Un épisode de plus grande ampleur se produisit à l’occasion d’une manifestation des personnels soignants devant le Ministère de la Santé. 

L’Etat avait massivement investi en créant de nombreux lits d’hôpital, en revalorisant les salaires et en créant de nombreux poste de médecins difficilement pourvus en raison des séquelles du numérus clausus. 

Les mesures décidées tardaient cependant à se concrétiser et les soignants tellement mis à contribution étaient à la fois épuisés et exaspérés par les promesses non encore tenues. 

Les professionnels de santé décidèrent donc de s’assembler en grand nombre pour porter leurs revendications au Ministère de la Santé 

L’ambiance de la manifestation était très tendue et le Préfet de Police avait mobilisé des forces de police considérables en faisant appel à des effectifs eux-mêmes épuisés par les mois passés à maintenir un ordre social souvent chahuté. 

Des deux côtés, l’exaspération était à son comble. Alors que les manifestants s’avançaient encore vers le Ministère, les responsables de la police leur intimèrent l’ordre de reculer en les avertissant qu’à défaut, la charge serait donnée. En fait les manifestants, mal encadrés par leur service d’ordre, étaient dans l’incapacité de reculer car ils étaient poussés par la foule en queue du cortège. 

L’ordre fut alors donné de charger, les matraques se levèrent de même que les fusils à balles plastiques tristement connues pour provoquer de sévères blessures. 

En face des policiers portant protections et boucliers hérités du moyen âge, des infirmières et des médecins en blouses blanches. L’ordre de charger ayant été répété, les policiers avancèrent d’un pas mais hésitèrent, manifestement troublés à l’idée d’abattre leur matraque sur ceux qu’en d’autres temps, on applaudissait tous les soirs pour les remercier de leur dévouement.. 

Profitant de ce moment de bascule au bord de la violence, quelqu’un poussa un cri : « la police avec nous ! » 

C’est alors que les policiers, baissant leurs matraques, tombèrent dans les bras des premiers manifestants puis entrèrent dans leurs rangs pour s’abandonner à des étreintes fraternelles mêlant les larmes aux sourires. Quelqu’un eut alors l’idée de remplacer sur la sono les mots d’ordre de la manif par la fameuse valse de Chostakovitch. Sur le Champs de Mars voisin, Un immense bal fut ouvert par un commandant de CRS que son lourd équipement de protection n’empêcha pas de faire joliment tournoyer une digne professeur de médecine en blouse blanche dont le stéthoscope tenait lieu de rivière de diamant. 

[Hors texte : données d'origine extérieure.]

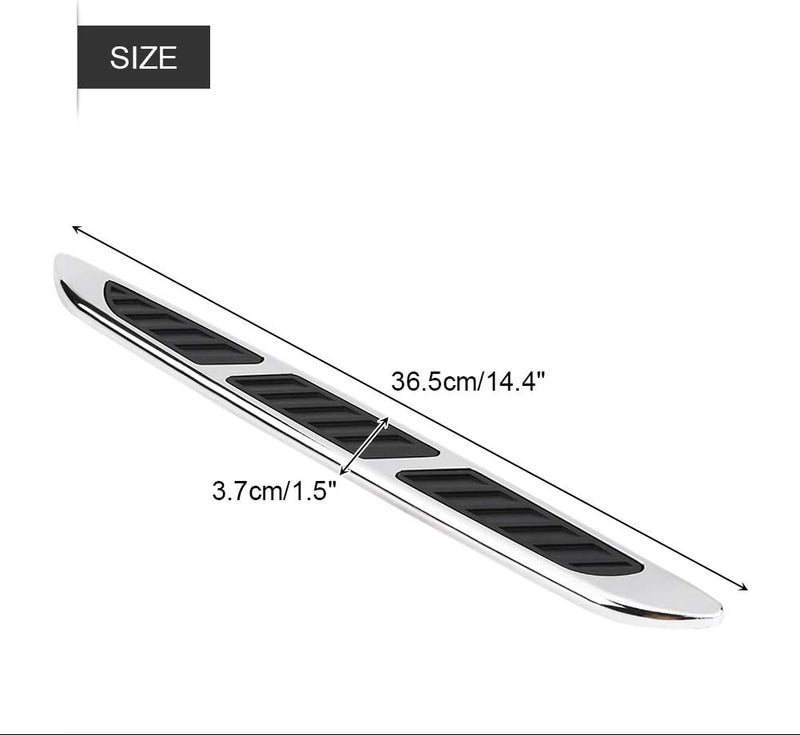 2pcs Car Hood Side Air Vent Cover Intake Grille Decorative Trim Sticker ABS Chrome Plated Universal Fit with Strong Adhesive Tape for Car Exterior Decoration - Image 5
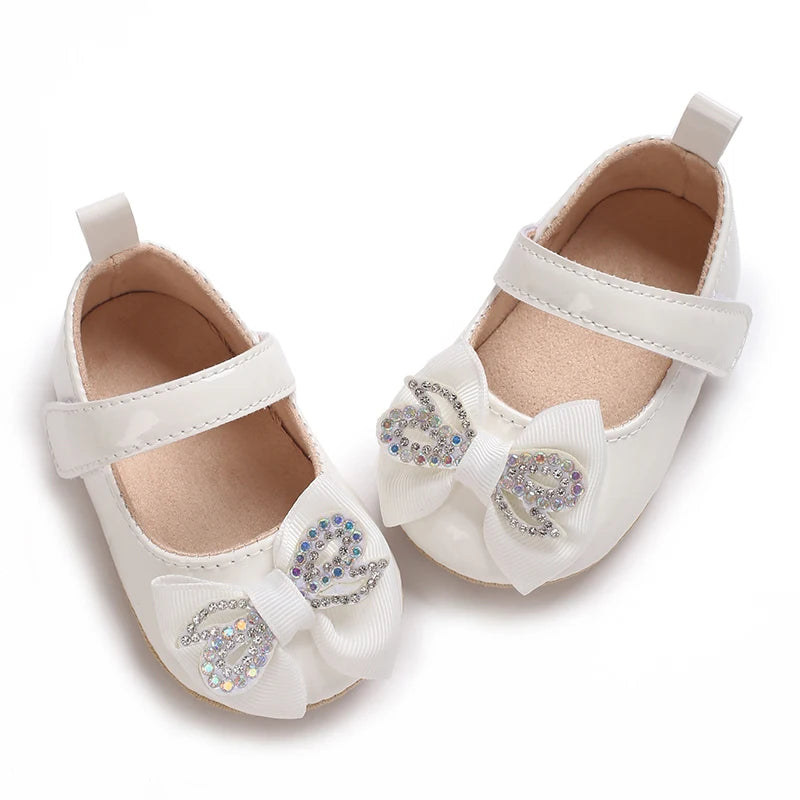 Baby Girls’ Bow Princess Shoes – Soft Leather Non-Slip Walking Sneakers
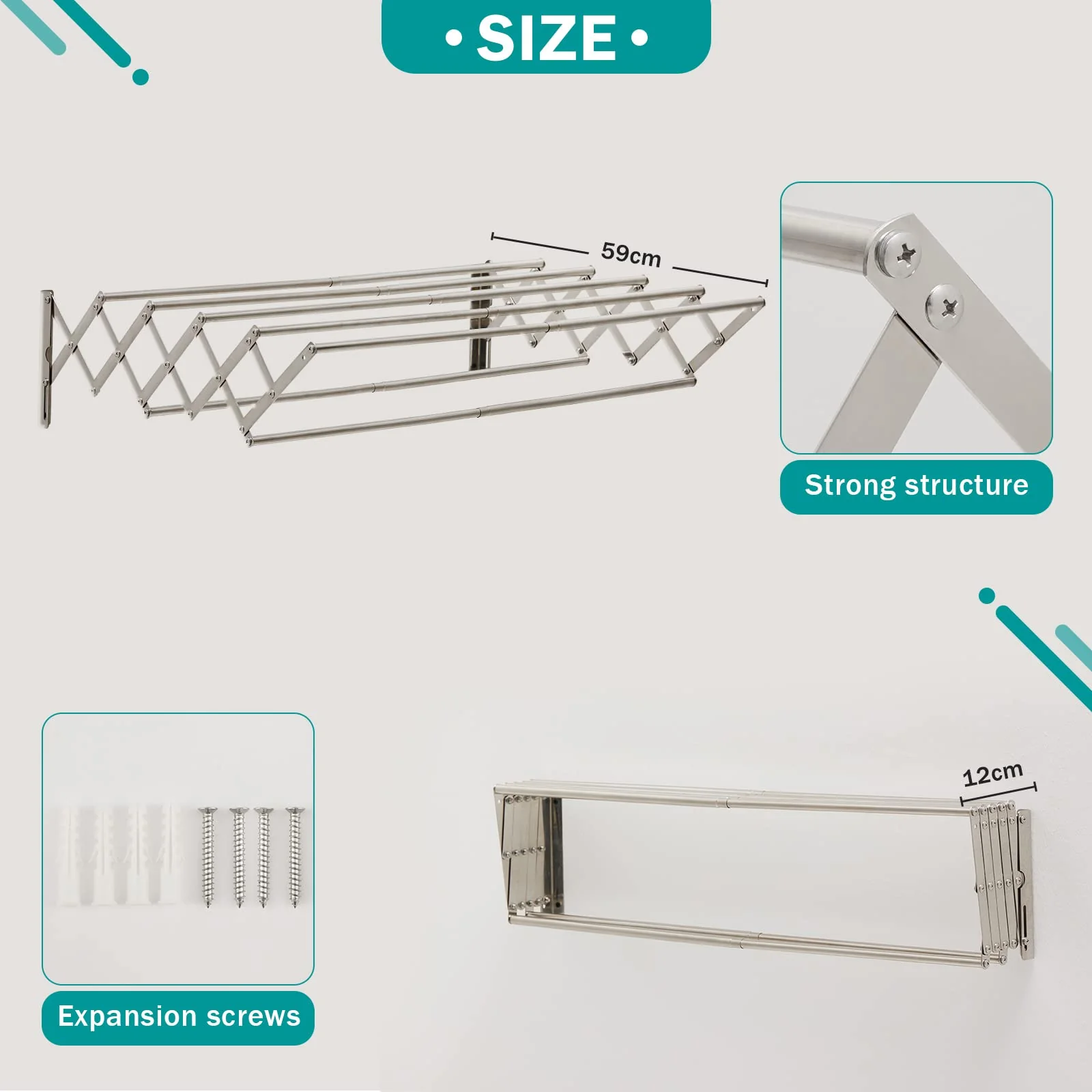 YOUDENOVA Wäscheständer Wandmontage, Wäschetrockner Wand ausziehbar mit 7 Stangen, platzsparender Trockenständer für Waschraum, Handtuchhalter aus Metall für Bad, (42-80) x 59 x 19cm, Silber - Image 4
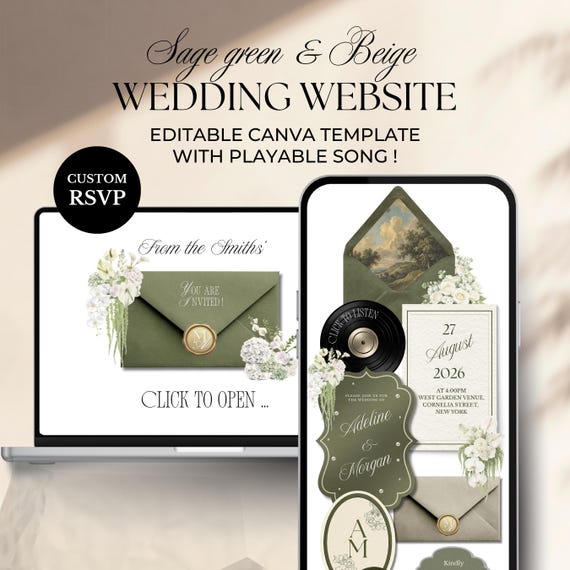 Sage Green & Beige Wedding Website Template | Editable Canva Invitation with RSVP (Digital Download)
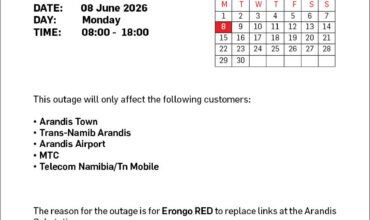 NOTICE OF POWER OUTAGE TO ARANDIS TOWN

La tension étant décidemment retombée, une délégation, de soignants fut désignée pour rencontrer le Ministre autour de coupes de Champagne et une négociation put s’engager dans un climat apaisé. 

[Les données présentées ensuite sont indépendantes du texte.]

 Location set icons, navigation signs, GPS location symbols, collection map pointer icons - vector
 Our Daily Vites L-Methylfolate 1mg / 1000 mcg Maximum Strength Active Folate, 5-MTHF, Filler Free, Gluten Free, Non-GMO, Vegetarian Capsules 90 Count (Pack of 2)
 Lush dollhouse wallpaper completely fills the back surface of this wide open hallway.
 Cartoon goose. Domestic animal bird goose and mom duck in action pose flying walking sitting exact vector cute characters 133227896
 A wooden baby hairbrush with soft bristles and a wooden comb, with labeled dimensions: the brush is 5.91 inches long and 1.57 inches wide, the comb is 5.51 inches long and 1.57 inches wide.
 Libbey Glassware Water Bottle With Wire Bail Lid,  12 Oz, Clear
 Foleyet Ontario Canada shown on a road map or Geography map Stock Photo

Bien d’autres évènements bizarres se produire encore : le télétravail subsistant encore après la fin de la pandémie, on vit des téléconférences de travail vite expédiées pour laisser place à des conversations tout à fait amicales au cours desquelles des gens qui se côtoyaient depuis des années découvraient soudain leur passion commune pour la musique, la poésie ou la bonne cuisine. 

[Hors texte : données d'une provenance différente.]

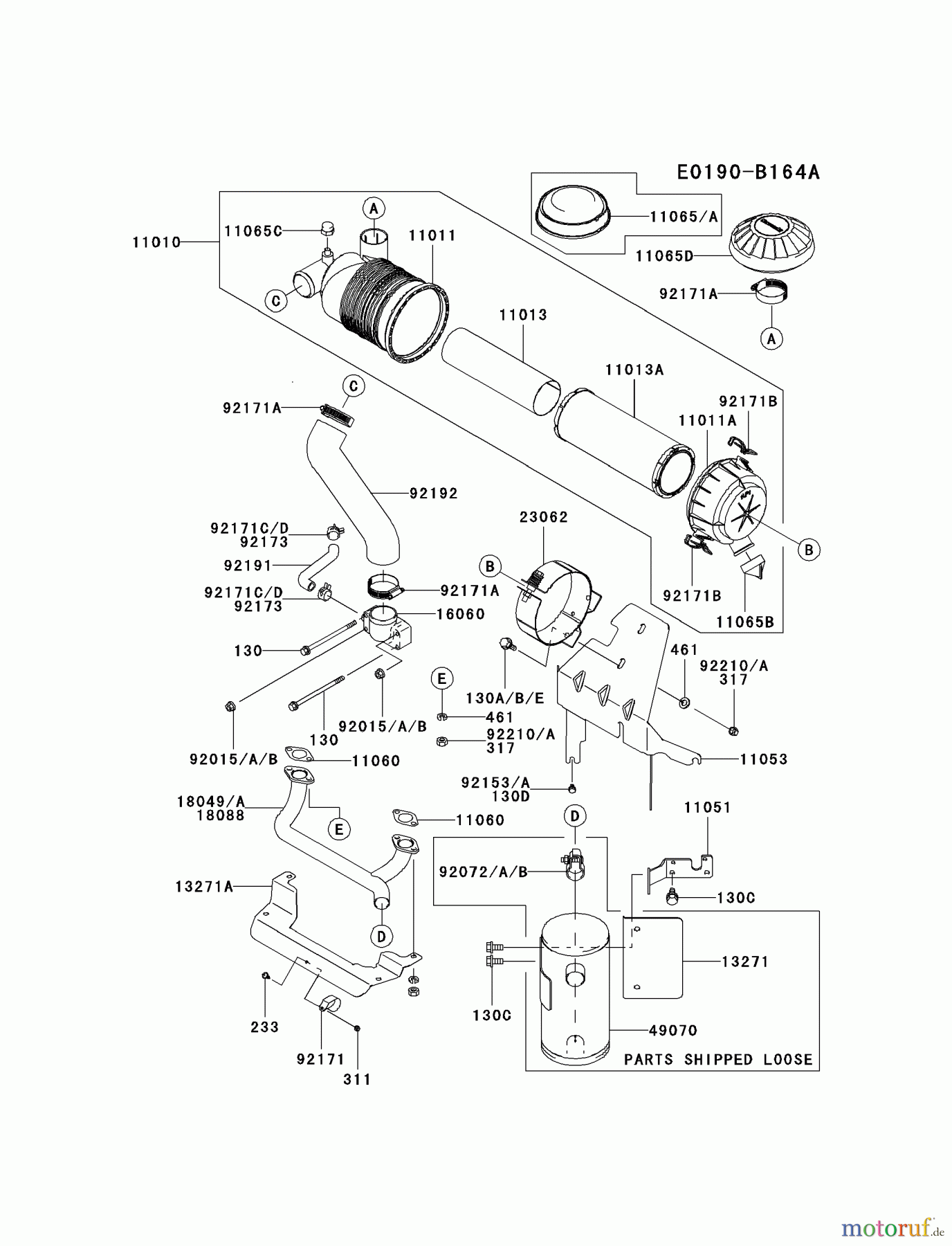  Kawasaki Motoren Motoren Vertikal FA210V - AS02 bis FH641V - DS24 FH641V-CS28 - Kawasaki FH641V 4-Stroke Engine AIR-FILTER/MUFFLER #2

On vit aussi des joueurs de football professionnels renoncer spontanément à la plus grande partie de leur salaire mensuel de 300 000€ pour permettre à leur club de redresser ses finances et partir animer gratuitement des séances d’entraînement dans des banlieues populaires. 

Bien entendu, les complotistes ne manquèrent pas d’imputer ces phénomènes aux effets secondaires des vaccins volontairement provoqués par le pouvoir politique pour désamorcer tout mouvement de révolte populaire. 

Mieux inspirés, des sociologues et psychologues plus avisés expliquèrent que toutes ces bizarreries étaient simplement dues à des reflexes de décompensation répondant aux angoisses générées par la crise sanitaire.